In November 2006, Banerjee was forcibly stopped on her way to Singur for a rally against a proposed Tata Motors car project. Banerjee reached the West Bengal assembly and protested at the venue. She addressed a press conference at the assembly and announced a 12-hour shutdown by her party on Friday. The TMC supremo Mamata, who was arrested by police earlier in that day 'for violating prohibitory orders' near Singur, alleged that the administration had acted ‘unconstitutionally’ by preventing her from entering Singur where the Tata motors proposed to set up a small car factory. She was intercepted at Hooghly and sent back. After this incident the Trinamool Congress MLAs protested by damaging furniture and microphones and vandalizing the West Bengal Legislative Assembly Building. A major strike was called on 14 December 2006. But all-in-all, there was no gain. On 4 December, Banerjee began the historic 26-day hunger strike in Kolkata protesting the forcible acquisition of farmland by the government. The then-President A. P. J. Abdul Kalam, who was concerned about her health, spoke to the then-Prime Minister Manmohan Singh to resolve the issue. Kalam also appealed to Ms Banerjee to withdraw her fast as "life is precious". A letter from Manmohan Singh was faxed to Gopalkrishna Gandhi, the then-Governor of West Bengal, and then it was immediately delivered to Mamata. After receiving the letter Mamata finally broke her fast at midnight on 29 December. (One of her first acts after becoming Chief Minister was to return the 400 acres of land to Singur farmers. In 2016 the Supreme Court declared that the acquisition of 997 acres of land by West Bengal's Left Front government for the Tata Motors plant in Singur was illegal.)

Nandigram protest 

The Nandigram violence was an incident of Nandigram in West Bengal, occurred in the year 2007, where a battalion of armed police stormed the rural area in the district of Purba Medinipur with the aim of quashing protests against the West Bengal government's plans to expropriate  of land for a Special Economic Zone (SEZ) to be developed by the Indonesian-based Salim Group. At least 14 villagers were shot dead and 70 more were wounded. This led to a large number of intellectuals to protest on the streets. CPI(M) cadres allegedly molested and raped 300 women and girls during the Nandigram invasions.

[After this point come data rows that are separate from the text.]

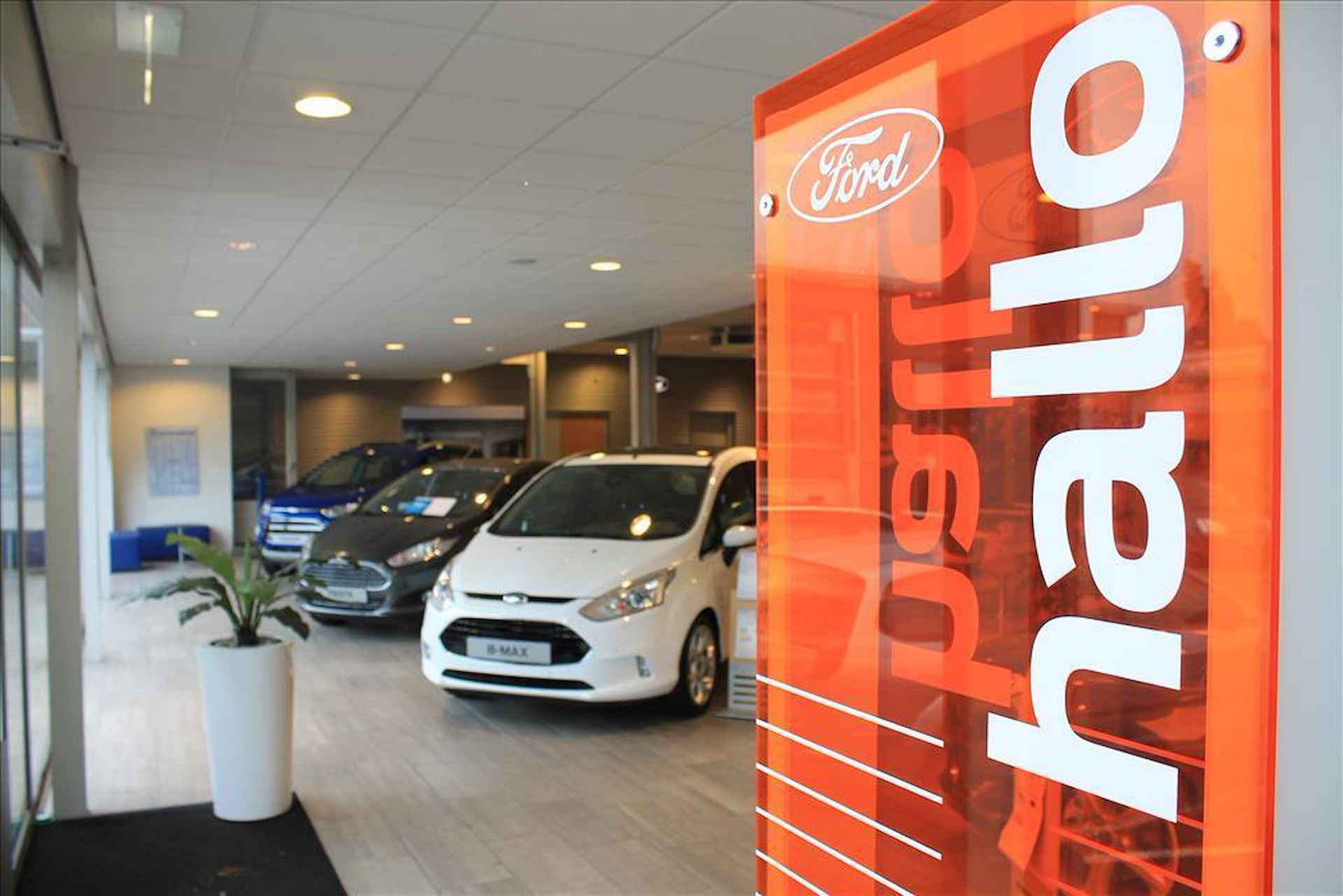 Ford Focus 1.0 EcoBoost Edition Business 125PK | B&O | Climate Control | Winter Pack | Keyless Entry | Parkeersensoren | | Privacy Glass | Navigatie | Apple CarPlay/Android Auto - 43/44
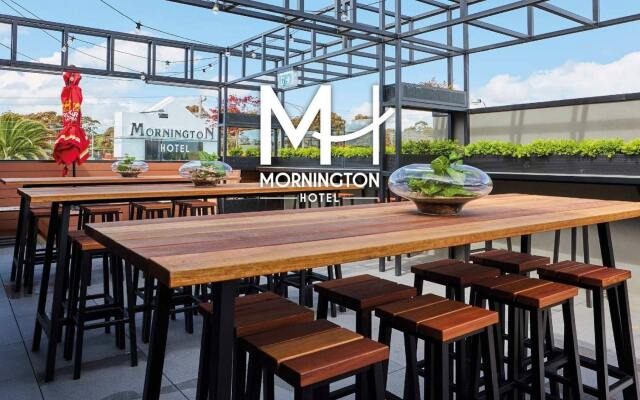 Mornington Hotel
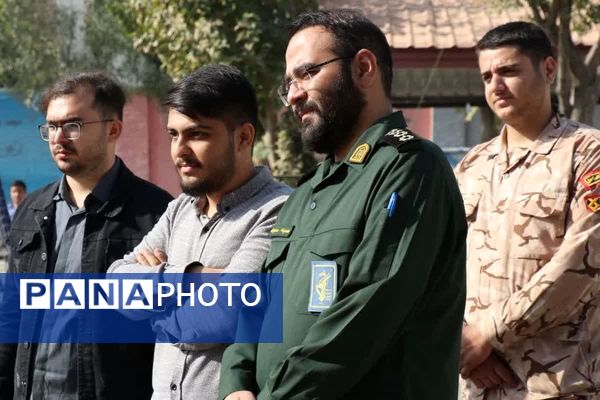 یادواره لاله‌های روشن در مدرسه تیزهوشان شهید بهشتی قرچک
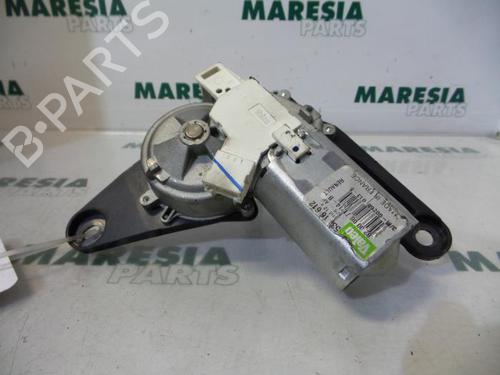 Used Rear wiper motor RENAULT CLIO II (BB_, CB_) 1.4 16V (B/CB0P, BB13) (98 hp) 31534683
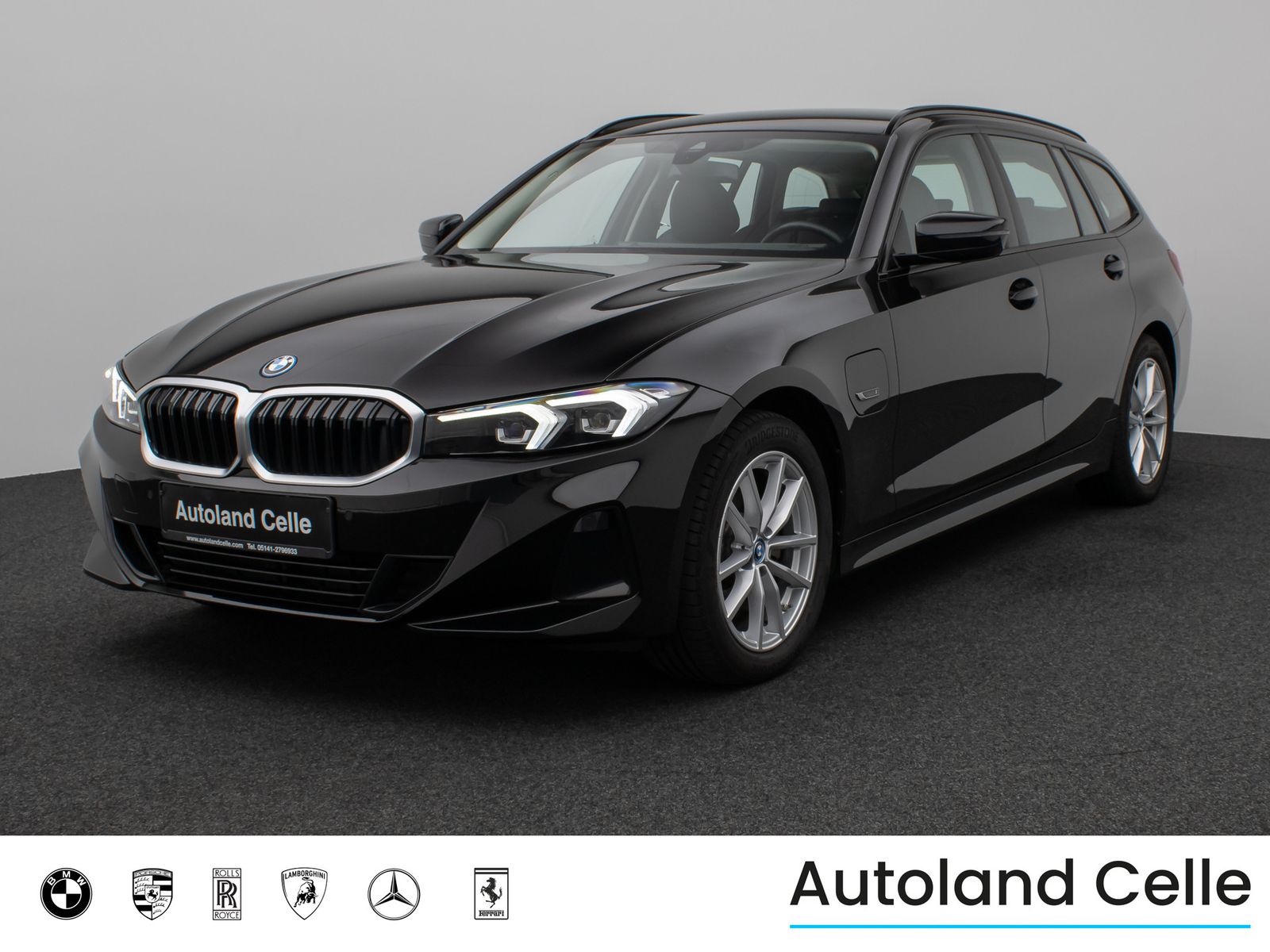 Fahrzeugabbildung BMW 330e DAB CockPit+ PDC Geschwindigkeitsreg Sport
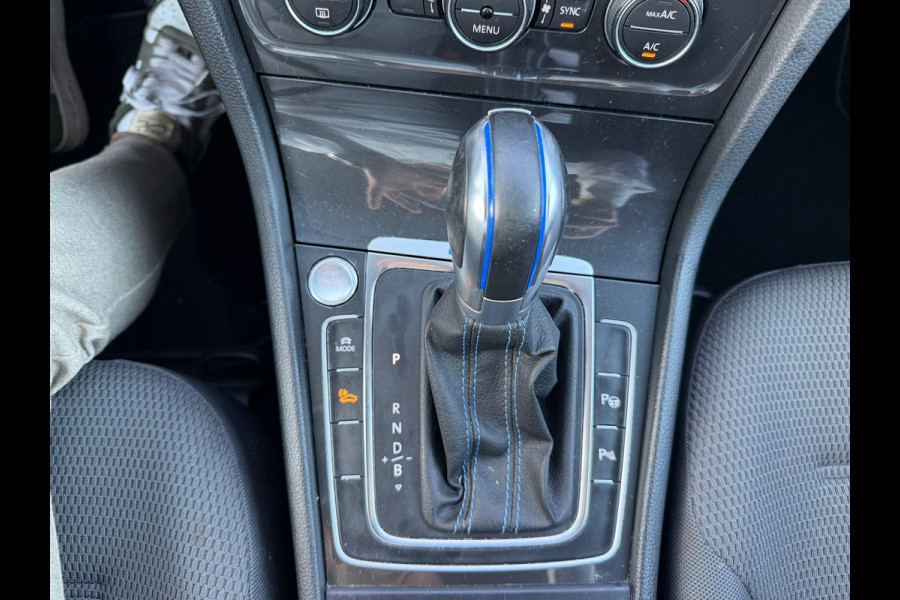 Volkswagen e-Golf e-Golf VERWACHT SOH 90% | ACHTERUITRIJ CAMERA | DIG. DASH| DODE HOEK| CARPLAY| STOELVERWARMING| LEUKE COMPLETE AUTO| RIJKLAAR INCL. 12 MND BOVAG GARANTIE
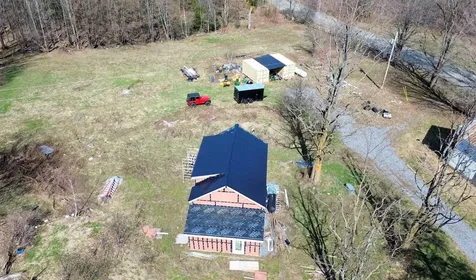 12 Baraw Road Lowell VT 05847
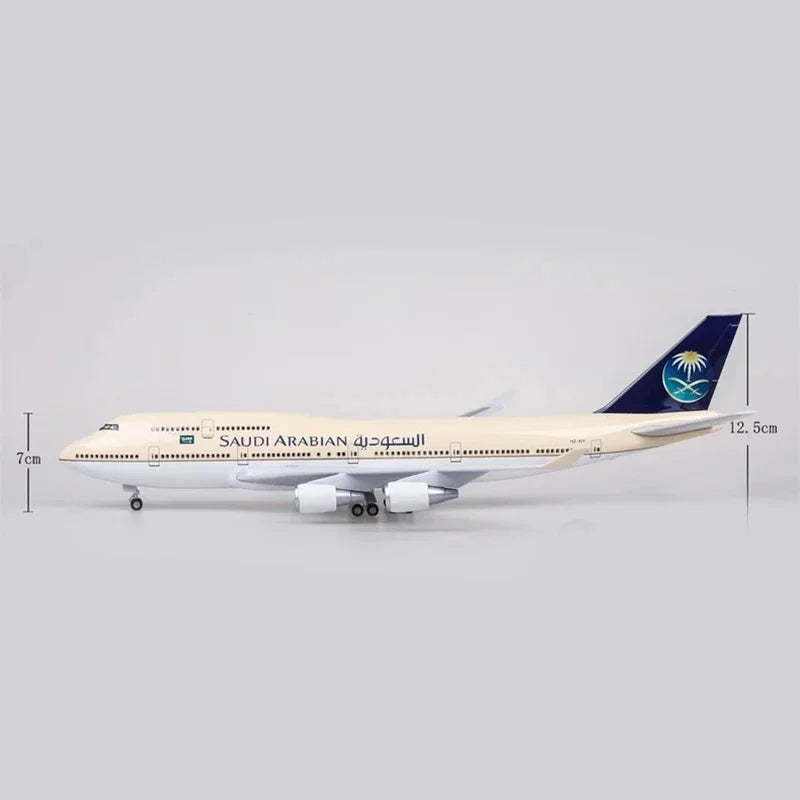 B747 Plane Model Saudi Arabian Airlines 47cm Resin Aircraft Models Toy Planes with Wheels and Lights for Collection Gift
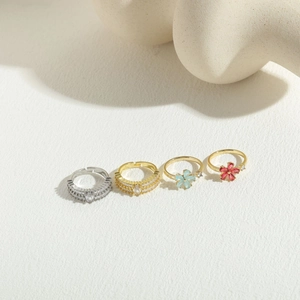 Lussuosi anelli a fiore placcati in oro 14K con cristalli di zircone colorati e design aperto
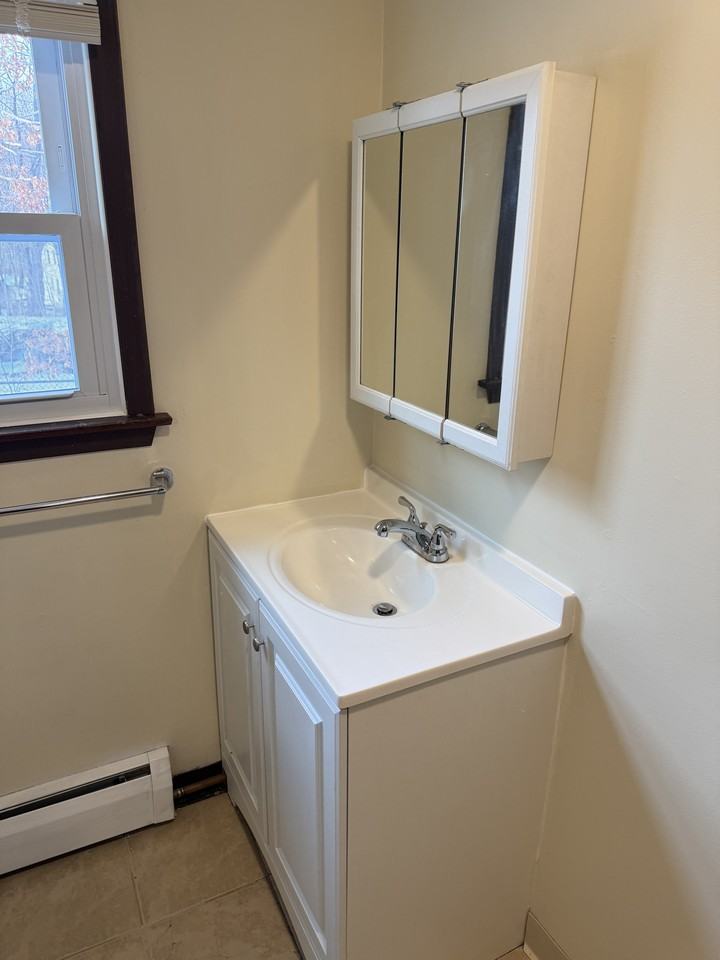 52 Briarwood Dr #52 - Photo 2 of 14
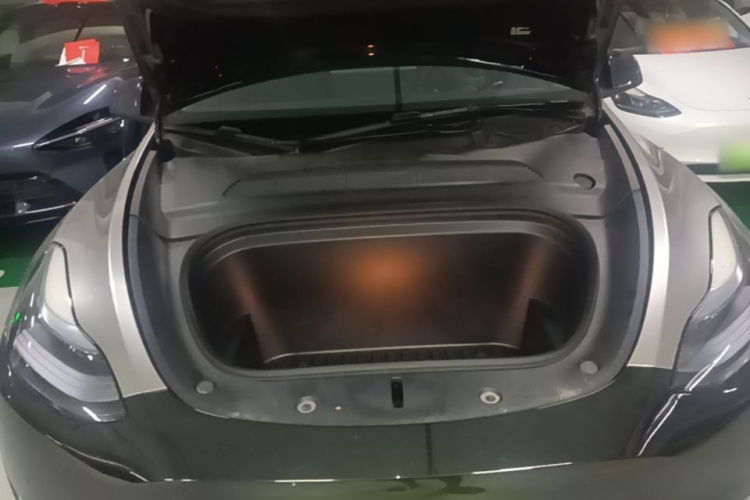 Tesla Model Y 2023 #20 Tesla Model Y 2023 car image #20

Banerjee wrote letters to Indian Prime Minister Manmohan Singh and Union Home Minister Shivraj Patil to stop what she called "state-sponsored violence" promoted by CPI(M) in Nandigram. Her political activism during the movement is widely believed to be one of the contributing causes to her landslide victory in 2011.

The CBI report on the incident vindicated CPI(M)'s stand that Buddhadeb did not order the police to open fire. They did so only to disperse the unlawful assembly after every other standard operating procedure had failed. But supporting the violence in Nandigram by his own party workers, Buddhadeb Bhattacharya had said earlier "They (the oppositions) have been paid back in the same coin." There are allegations of involvement of some local TMC leaders in the Nandigram Violence (On 15 April Ms. Banerjee clarified this matter in a live interview to ABP Ananda).

2009–2011 electoral progress 
Before the 2009 parliamentary elections she allied with the United Progressive Alliance (UPA) led by Indian National Congress. The alliance won 26 seats. Banerjee joined the central cabinet as the railway minister (second tenure). In the 2010 Municipal Elections in West Bengal, TMC won Kolkata Municipal Corporation by a margin of 62 seats. TMC also won Bidhan Nagar Corporation by a seven-seat margin. In 2011, Banerjee won a sweeping majority and assumed the position of chief minister of the state of West Bengal. Her party ended the 34-year rule of the Left Front.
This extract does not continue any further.